PROVIDED RECORDS -
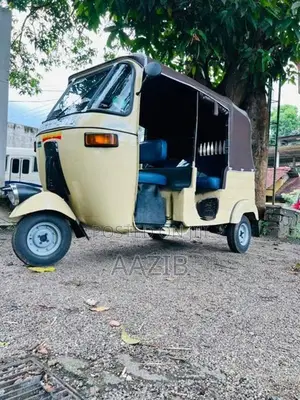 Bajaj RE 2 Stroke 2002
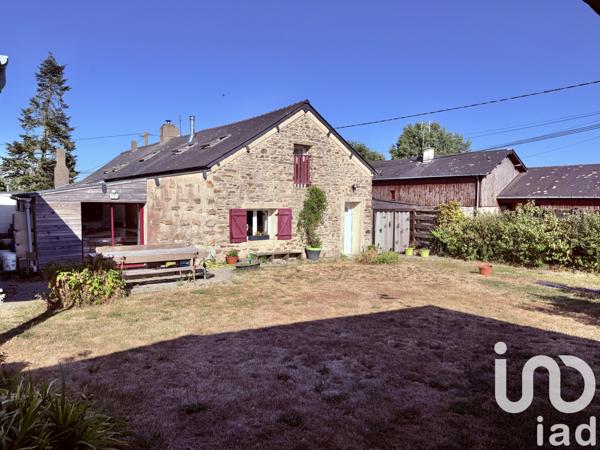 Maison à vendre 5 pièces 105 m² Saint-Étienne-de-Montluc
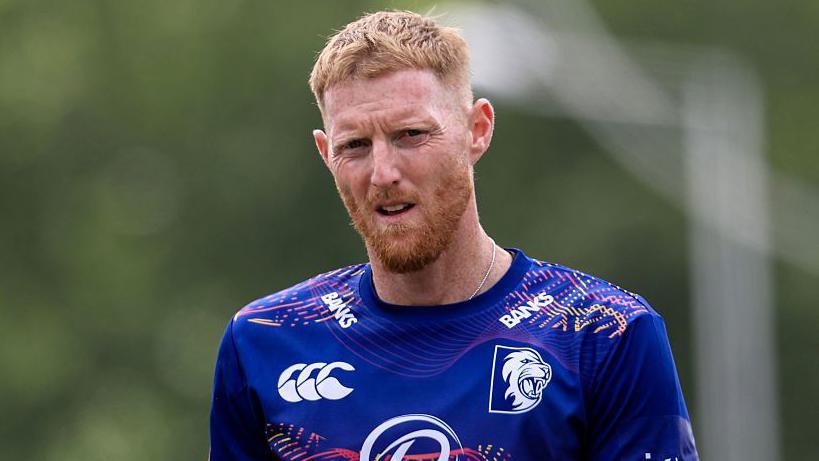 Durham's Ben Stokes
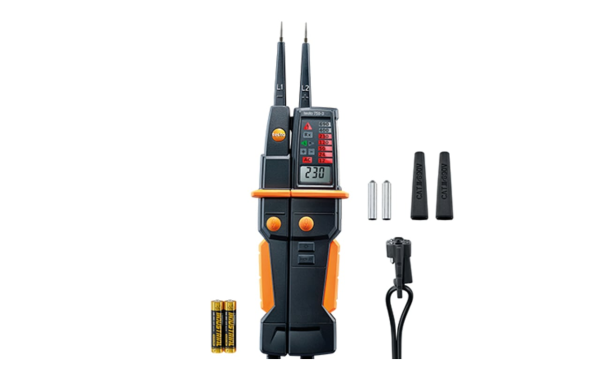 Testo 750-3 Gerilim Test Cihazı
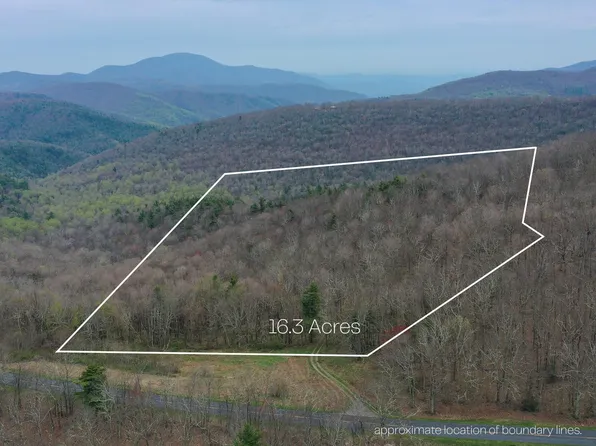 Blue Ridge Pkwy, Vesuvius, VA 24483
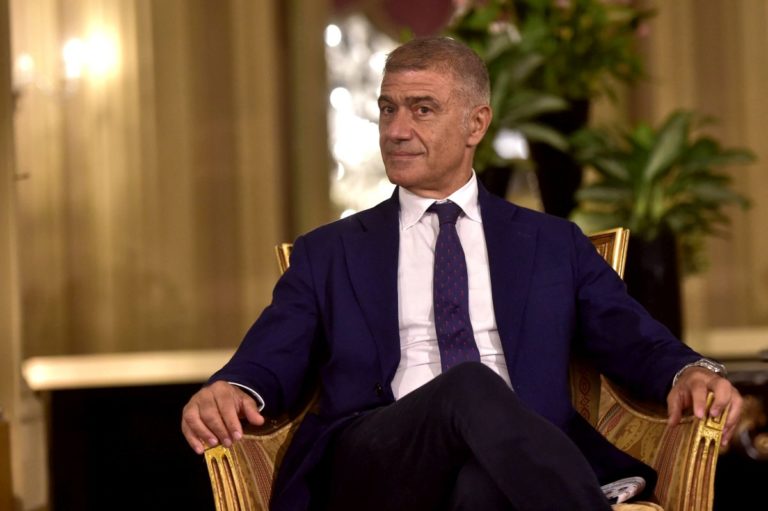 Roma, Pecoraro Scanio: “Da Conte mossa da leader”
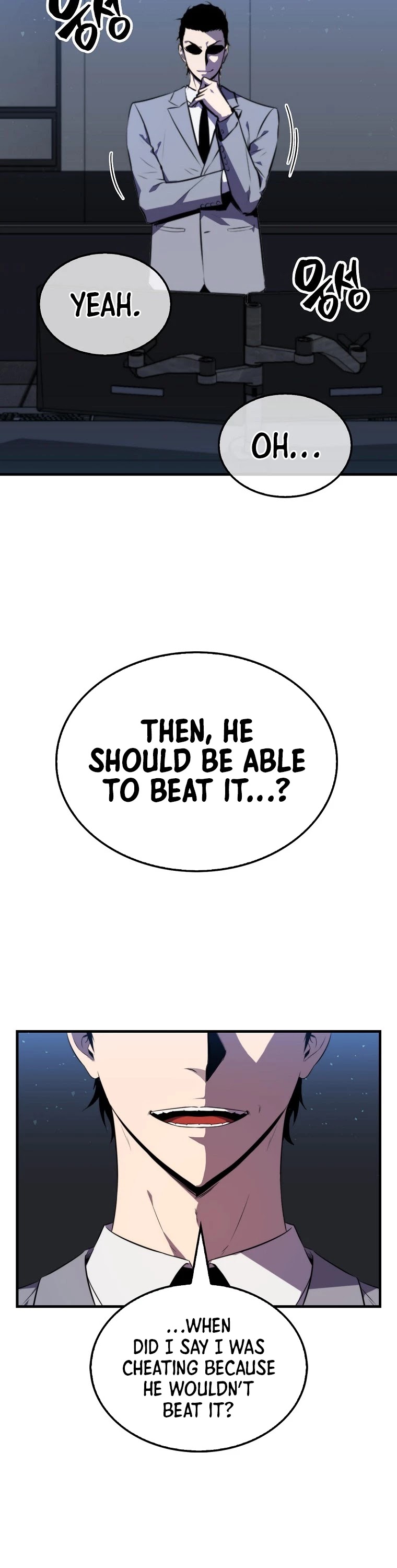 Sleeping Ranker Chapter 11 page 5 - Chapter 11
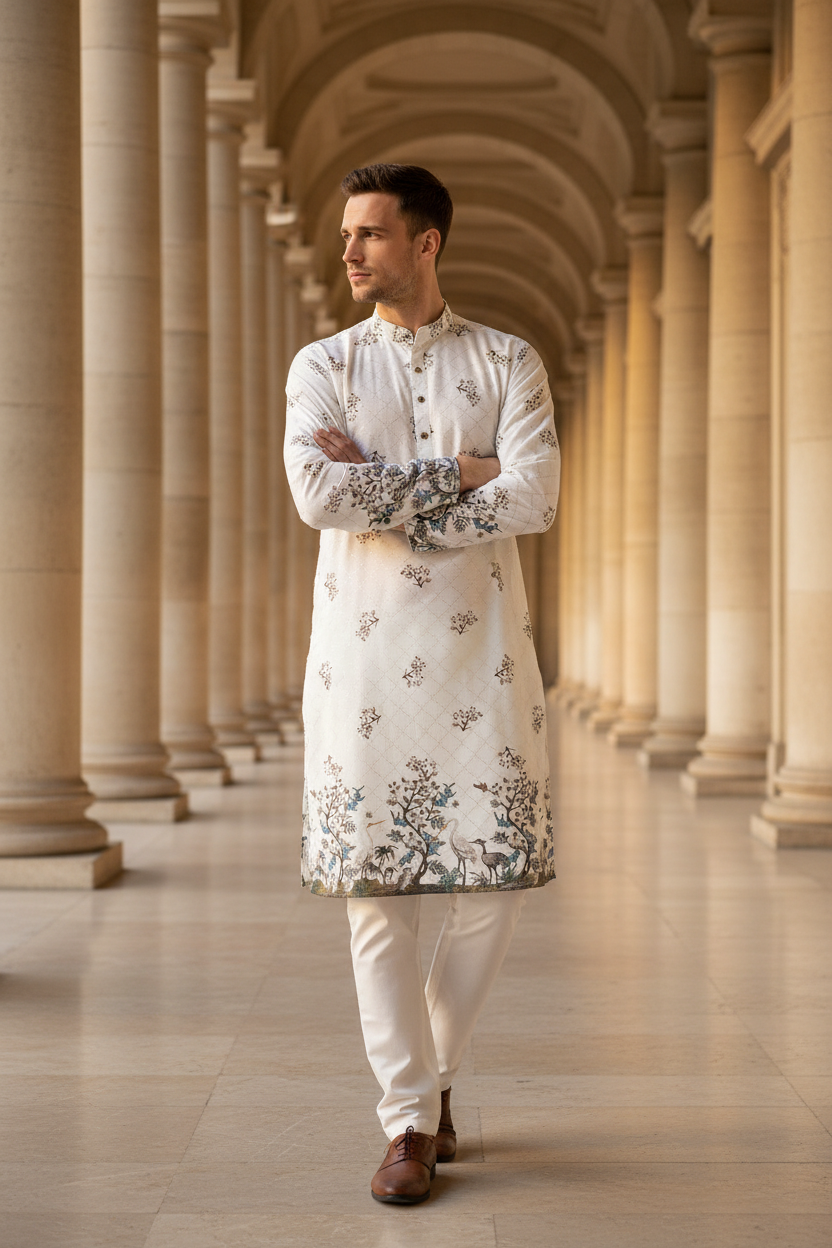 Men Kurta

TRY IT -
Exact copy, pictures excluded: print only the lines from the line containing "Blue Ridge Pkwy, Vesuvius, VA 24483" through the end of the records.

SOLUTION TO THE EXERCISE -
 Blue Ridge Pkwy, Vesuvius, VA 24483
 Roma, Pecoraro Scanio: “Da Conte mossa da leader”
 Sleeping Ranker Chapter 11 page 5 - Chapter 11
 Men Kurta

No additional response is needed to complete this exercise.